1. The initial state: ${\displaystyle s_{0}}$.
2. A set of possible states the environment or agent can be in: ${\displaystyle S={s_{0},s_{1},...,s_{m}}}$.
3. A of possible actions an agent can execute: ${\displaystyle A={a_{0},a_{1},...,a_{n}}}$.
4. A transition model which returns the next likely state under a specific action: ${\displaystyle T(s,a,s')}$.
5. A reward function which describes the benefit gained from reaching a certain state : ${\displaystyle R(s)}$.

#### State-Value Function

Actions are selected on the basis of a policy ${\displaystyle \pi (s)}$, which maximizes the reward for the agent for a given state.

The state-value function ${\displaystyle V_{\pi }(s)}$ describes the total expected reward for the current state under a specific policy. The function makes use of the Bellman Equation, which introduces the discount factor ${\displaystyle \gamma \in [0,1]}$. ${\displaystyle \gamma }$ denotes the preference of the agent to prioritize future rewards over immediate reward, a form of delayed gratification.

The overall value function can be denoted as:

${\displaystyle V_{\pi }(s)=\textstyle E[\sum _{t=0}^{\infty }\gamma ^{t}r_{t}|s_{0}=s],}$

which estimates the total reward until a terminal or cut-off state is reached. This function provides the ability to find an optimal policy, which maximizes the overall reward.

#### Monte Carlo Methods

In order to adapt to large and unknown environments, agents often use Monte Carlo methods, in particular Monte Carlo Tree Search (MCTS). MCTS is a sampling technique which uses randomness to generate a policy as well as to estimate the expected utility for each state. An agent plays "episodes", which are sequences from the starting to terminal state, and ideally converges to an optimal model after enough exploration.

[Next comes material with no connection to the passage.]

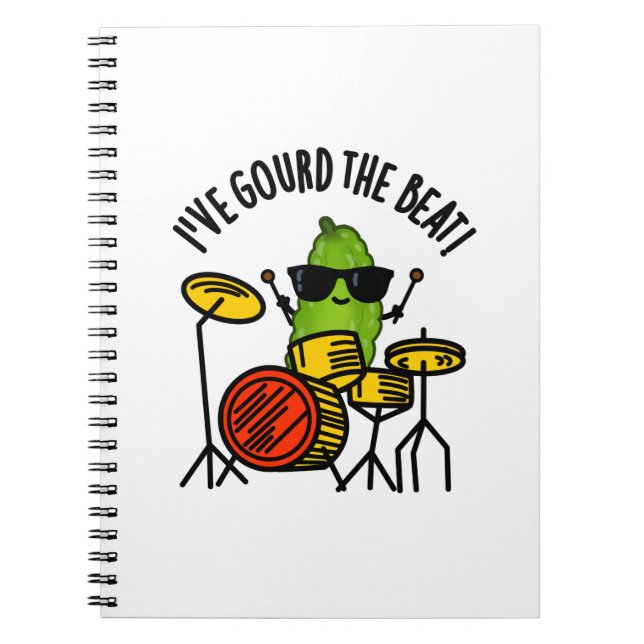 Cuaderno He Gourd El Ritmo Chistoso Baterista Juego de Pala (Frente)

MCTS is used in model-free scenarios, in which the transition model and state-value function ${\displaystyle V_{\pi }(s)}$ for a given state have to be estimated. This incomplete model is referred to as Monte Carlo prediction or passive reinforcement learning. If the general policy ${\displaystyle \pi (s)}$ also has to be learned, it is referred to as Monte Carlo control, or active reinforcement learning. Active reinforcement learning continuously reevaluates the effectiveness of the policy, which is performed by iterating over the Q-function of each state:

${\displaystyle Q_{\pi }(s,a)={R_{t}|s_{t}=s,a_{t}=a},}$

The Q-function defines the utility of a state-action pair, which then allows the construction of a policy based on the highest ${\displaystyle Q}$ returns.

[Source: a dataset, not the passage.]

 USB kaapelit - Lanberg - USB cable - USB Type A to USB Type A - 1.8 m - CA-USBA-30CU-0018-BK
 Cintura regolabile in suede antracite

##### Temporal Difference Learning

To update policies and values in Monte Carlo, it is necessary to wait until the completion of a full episode. This is expensive and impractical as some episodes may take a long time or never terminate. Temporal Differencing (TD) draws from classical conditioning to develop an anticipatory reward model. The agent updates the utility function of each state after is has experienced the subsequent state. Utility is estimated based on the expected return from the next action. ${\displaystyle TD(0)}$ only considers the state at ${\displaystyle t_{+1}}$ whereas ${\displaystyle TD(\lambda )}$ also factors in older states in its reward function.

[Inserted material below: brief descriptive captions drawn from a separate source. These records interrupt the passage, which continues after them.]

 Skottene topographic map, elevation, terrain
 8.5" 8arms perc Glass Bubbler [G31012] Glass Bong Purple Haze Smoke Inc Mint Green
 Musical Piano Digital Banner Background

The update of the utility in TD can be expressed as:

${\displaystyle V_{\pi }(s)_{new}\leftarrow V_{\pi }(s)+\alpha (\overbrace {r+\gamma V(s')} ^{learnt\ value}-V(s))}$

Here ${\displaystyle s}$ is the previous state, ${\displaystyle s'}$ is the subsequent state, ${\displaystyle r}$ is reward the agent received, ${\displaystyle \alpha }$ is rate at which the agent updates at and, ${\displaystyle \gamma }$ is the default discount rate for a specific ${\displaystyle s}$.

##### Q-Learning

Q-learning is an off-policy algorithm, which means that it does not depend on a pre-defined policy in order to choose a transition function. In Q-learning, the agent begins with an arbitrary, fixed policy ${\displaystyle \pi }$ and will generate an optimal policy ${\displaystyle \pi ^{*}}$ on the side. It does this by selecting the predetermined Q-function value as the next action, which may be unreliable or useless. However, Q-learning continuously improves the agents second Q-function ${\displaystyle Q^{*}}$ by observing the effects of the first policy. It uses the following update function:

${\displaystyle Q(s_{t},a_{t})\leftarrow (1-\alpha )\cdot \underbrace {Q(s_{t},a_{t})} _{\rm {old~value}}+\underbrace {\alpha } _{\rm {learning~rate}}\cdot \overbrace {{\bigg (}\underbrace {r_{t}} _{\rm {reward}}+\underbrace {\gamma } _{\rm {discount~factor}}\cdot \underbrace {\max _{a}Q(s_{t+1},a)} _{\rm {estimate~of~optimal~future~value}}{\bigg )}} ^{\rm {learned~value}}}$

${\displaystyle Q(s_{t},a_{t})}$ is updated based on the newly experienced reward and the former estimated return, eventually approximating an ideal Q-function ${\displaystyle Q^{*}}$ and overall policy ${\displaystyle \pi }$. The original Q-function ${\displaystyle Q}$ and policy ${\displaystyle \pi }$ do not change. If the state-space is too large to be reliably stored, function approximators are used.

#### Actor-Critic

Figure 1: The basic actor-critic algorithm visualized.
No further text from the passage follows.